A motion was also made to allow the sign to hang as it is, as long as it's not illuminated, until the issue is resolved.

In other business, council approved the Tamaqua Adult Day Care Center's request to hold their annual 5K run/walk on May 8, beginning at 9:30 a.m. Borough Secretary Georgia Depos Dewire also informed council that the borough passed the audit of their liquid fuel funds.

Borough Manager Kevin Steigerwalt announced that the borough will be advertising for a waste water treatment plant operator and seeing proposals for electrician services. "Our full time electrician will be retiring shortly, and we're seeking a contractor for an as needed, on-call basis," he added.

The borough will also be advertising for bids on the police department's security camera project. Steigerwalt said that he hopes to open bids on February 11 for phase one of the project, which will include the installation of a base station at borough hall and the placement of a limited number of cameras.

Council also adopted a resolution appointing John Trudich as a representative to the county's earned income tax collection committee. Several members of council expressed concern that they have not been notified of the meetings of the committee. Currently, the borough's earned income taxes are collected by Berkheimer; however, Act 32, which was passed by the state requires each county to set up an agency to collect the earned income tax. "I don't understand how this is going to benefit Tamaqua," said Gursky.

Councilman Ken Smulligan also announced that the police committee is working on arranging for speakers to come in and meet with members of council and the police committee to discuss a regional police department. "We're going to involve the surrounding townships and boroughs, to see if there is enough interest to pursue it further," he added.

Resident Cathy Miorelli questioned whether or not an actual written agreement had been reached between the borough and the FOP regarding usage of the FOP's firing range in the Owl Creek section of the borough. According to Gursky, an agreement had been reached that the range would maintain a written log of anyone who used the range, in addition to taking some other steps.
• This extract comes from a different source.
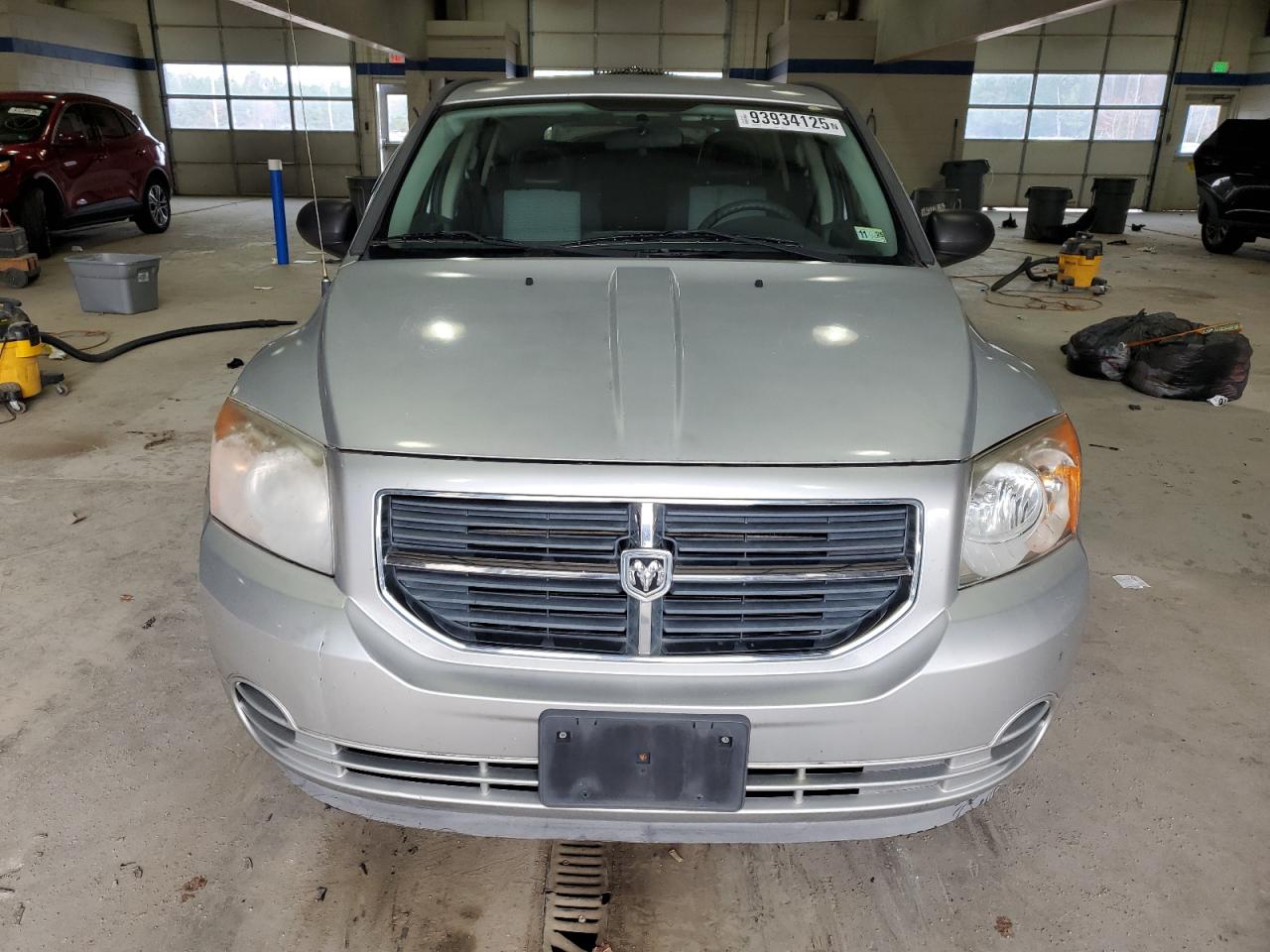 Lot #3293365440 2009 DODGE CALIBER SX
Miorelli asked if talks between the borough and the FOP have continued. Cara responded that there haven't been complaints about the range for months. Miorelli responded that there have been complaints made to the police department.

Mayor Christian Morrison asked the borough to consider eliminating the curfew siren, as it is costing the Citizens Fire Company about $500 annually to blow the alarm nightly. The matter was referred to the public safety committee. Morrison also reminded the community of the importance in participating in the 2010 census. According to Morrison and Gursky, the amount of grant money that the area is eligible for is dependent on the census numbers. "It's up to us to make sure we're counted," said Morrison.